Two sides to every story

Ryan Loew

Students share views on conflict, life in Israel

Credit: johnny b

Credit: johnny b

Duroub Yacoub, junior international relations major, has seen a friend shot to death, witnessed buildings being bombed and thrown rocks at tanks.


Quick facts

Capital: Jerusalem

Population: 6,199,008

Palestinian refugees in 1948: 826,000

Palestinian refugees in 2001: 4,128,456

Israel in the only democracy in the Middle East

-sources: CIA World Factbook,


Yacoub, a Palestinian, has witnessed firsthand the Israel/Palestine conflict while living in Mahla, a village outside of Jerusalem, for 19 years before coming to Kent State.

“I never saw tanks until 2000,” she said. “You would see F-16’s fly over and shoot at a big building. There would be families in there.”

Carly Saham, junior broadcast news major, visited Israel this month as a part of a “birthright trip” sponsored by Hillel, a Jewish community center serving Kent State, the University of Akron and Hiram College.

“As a journalist, or anyone in the media, it’s important to see both sides of the story,” Saham said. “Everyone thinks Israel is this big warzone, but in reality it has this big soft side.”

Saham was in Israel during the election of the new Palestinian Prime Minister Mahmoud Abbas. On her ten day tour, she said she saw no signs of conflict.

“I didn’t see anything. Zero,” Saham said. “I did not see any violence while I was there. I felt safer in Israel than I do here in the United States or if I were to go to downtown Cleveland.”

In what many saw as a sign of resurrected peace efforts, Israeli Prime Minister Ariel Sharon congratulated Abbas on his win. Last Tuesday, however, as Abbas was in Gaza City to encourage Palestinian militants to stop attacks against Israelis, a Hamas suicide bomber ignited a blast in the city. The explosion wounded five Israelis, and Sharon suspended talks with Palestinian security officials.

Such developments are only the latest in over a century of conflict between Israelis and Palestinians.
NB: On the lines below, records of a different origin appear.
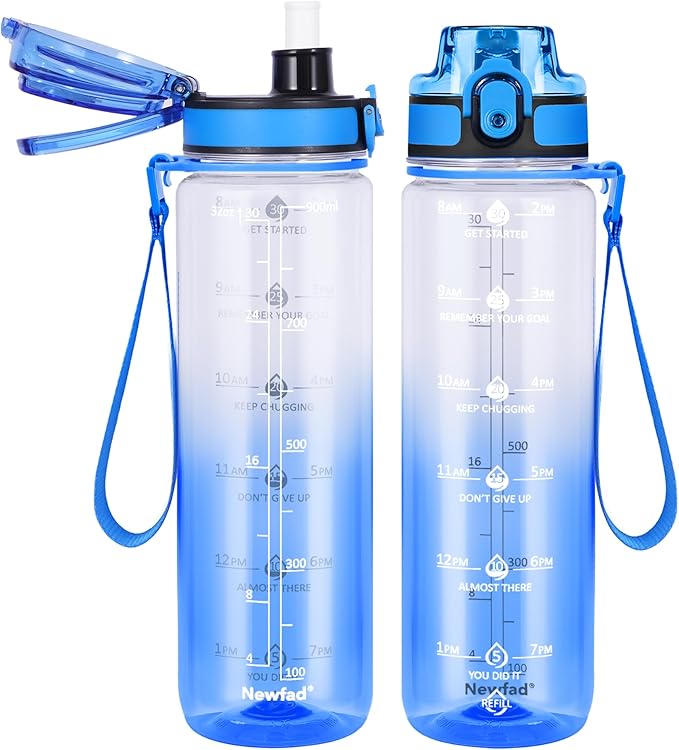 32 oz Water Bottle with Detachable Straw, Clear Motivational Water Bottles with Time to Drink, Tritan & BPA Free Sports Water Jug with Time Marker, Upgraded handle design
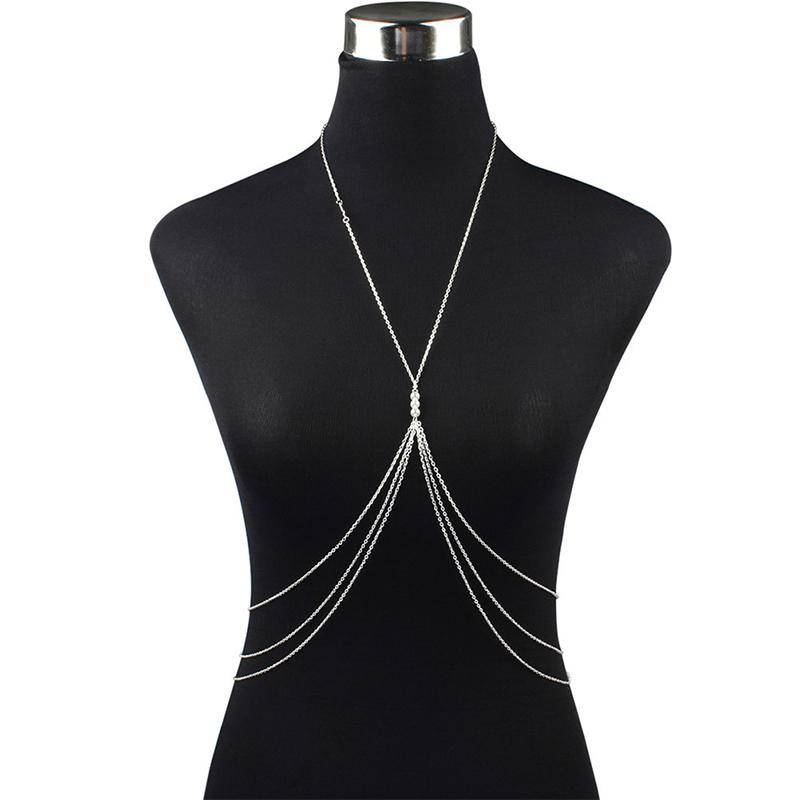 Pearl Cross Bra Chain Harness For Women Accessories Sexy Bra Chest Chain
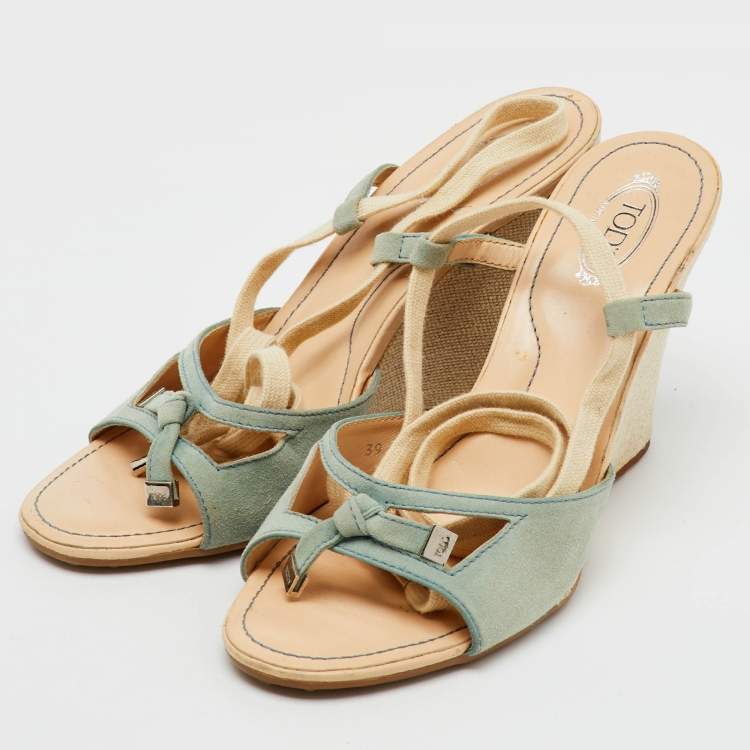 Pre Owned Tod's Pale Blue Suede Ankle Wrap Wedge Sandals Size 39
In 1947, the United Nations seized control of Palestine, and a year later divided the country into a Jewish country and an Arab country. That same year, 1948, the State of Israel was declared. The rest is history, a violent one.

Yacoub said her grandparents were forced from their home by Jewish settlers in 1948, leaving with nothing but the key to their house.

“They left all their clothes, their jewelry,” Yacoub said. “They thought they could go back,”

Because her family is Palestinian, Yacoub said they are still not allowed back in their old neighborhood.

“I could go there because I am an American, but anyone from my family, they are not allowed there,” Yacoub said.

Violence has been a significant part of Yacoub’s life.

Israeli troops, she said, opened fire at her school in an alleged attempt to rout out terror suspects, killing innocent people in the process.

“They would shoot gas inside, and when we were running out of the school, they would start shooting,” Yacoub said.

“My friend died between my arms,” Yacoub said. “I saw her blood. It was too much. And people would die every day. That was a normal thing.”

In response to violence, Yacoub said she and other students would be outraged.

“Students would get angry, leave school and protest, throw rocks,” Yacoub said. “A lot of kids would get shot and die. We’re looking at kids between the ages of 10, 11, 12 and 13.”

Saham said people often don’t look at the Israeli soldier side of the story.

“A lot of Israelis would tell you that you’ve got to have tough skin,” Saham said. “If you don’t have tough skin you’ll get eaten up.”

Young adults, she said, are required to serve in the army after completing high school.

“I think a lot of the time we take for granted things in life,” Saham said. “But when you’re in Israel and in the army, you try to appreciate everything because it’s a very different way of life.

“Being in Israel has changed me,” Saham said. “A lot of people come back and say ‘Israel changed me and I don’t know why.’ It made me appreciate everything now.”

Israel, she said, is often confused by most Americans as a war-torn country with no hope for peace.

While Yacoub witnessed the violence first hand, she said both sides of the conflict are wrong for using violence.

“From the Israel side it’s sad too,” Yacoub said. “A suicide bomber would attack a bus, and imagine, these are kids, innocent people. I don’t think Hamas is doing what’s right. When they bomb they’re killing innocent people.

“It’s sad, why can’t people just live in peace? If there could just be peace that would be awesome.”